The second and first spectrograms 902, 901 may be individually segmented to identify, within each said spectrogram, a plurality of segments, for example based on similarity of audio characteristics within different parts of the particular spectrogram. Segmentation may comprise edge-based segmentation (e.g. by identifying boundaries in the spectrogram via identifying rapid changes in magnitude of time and frequency characteristics or points) or region-based (e.g. starting with seed locations and growing regions by adding neighbouring time and frequency points that have same or similar magnitudes) or other forms of segmentation.

The second spectrogram 902 is first segmented such as to identify a set of segments 912 (second set of segments); the second set of segments comprises six segments. The first spectrogram 901 is segmented such as to identify a set of segments 911 (first set of segments); the first set of segments comprises five segments.
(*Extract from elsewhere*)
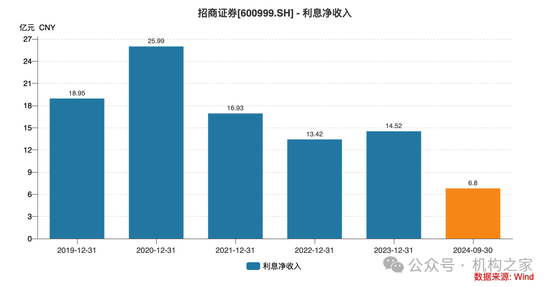 招商证券业绩承压：资管业务连降四年、流动性覆盖率行业末流！-第5张图片-特色小吃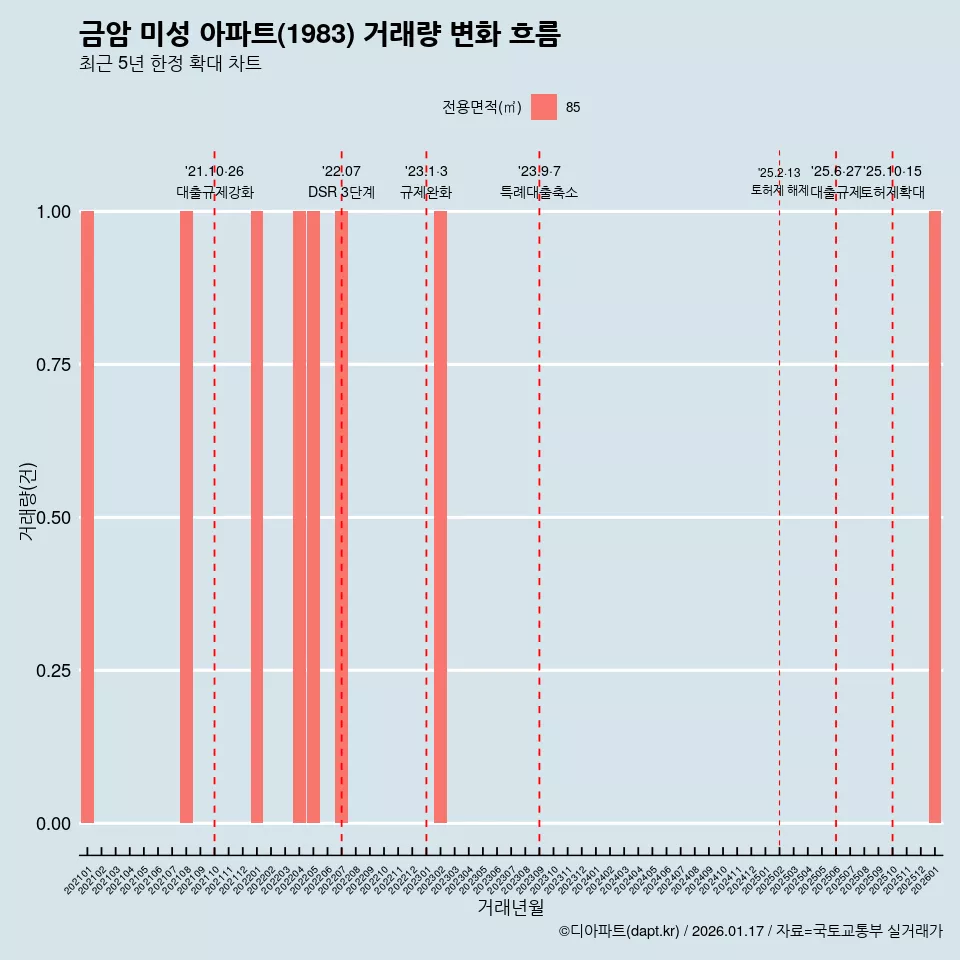 금암 미성 아파트(1983) 거래량 변화 흐름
The second set of segments 912 includes an additional segment 910 compared to the first set of segments 911 which reflects, in this relatively simple example, some captured motion characteristics.

Referring now to FIG. 10, the second and first sets of segments 912, 913 may be combined (overlaid) to identify a first set of common segments 1002, labelled A-F.

Referring back to FIG. 9, the third spectrogram 903, associated with the least exposed audio signal, A₃, is segmented such as to identify a set of segments 913 (third set of segments); the third set of segments comprises five segments that happen to be near identical to the first set of segments 911.

Referring again to FIG. 10, the third set of segments 913 may be combined (overlaid) with the first set of common segments 1002 set to identify an updated, second set of common segments 1004. In this case, no new common segments are identified, but, in other cases where the third set of segments 913 differ even only slightly from the first and/or second set of segments 911, 912, one or more new segments would be identified in this step.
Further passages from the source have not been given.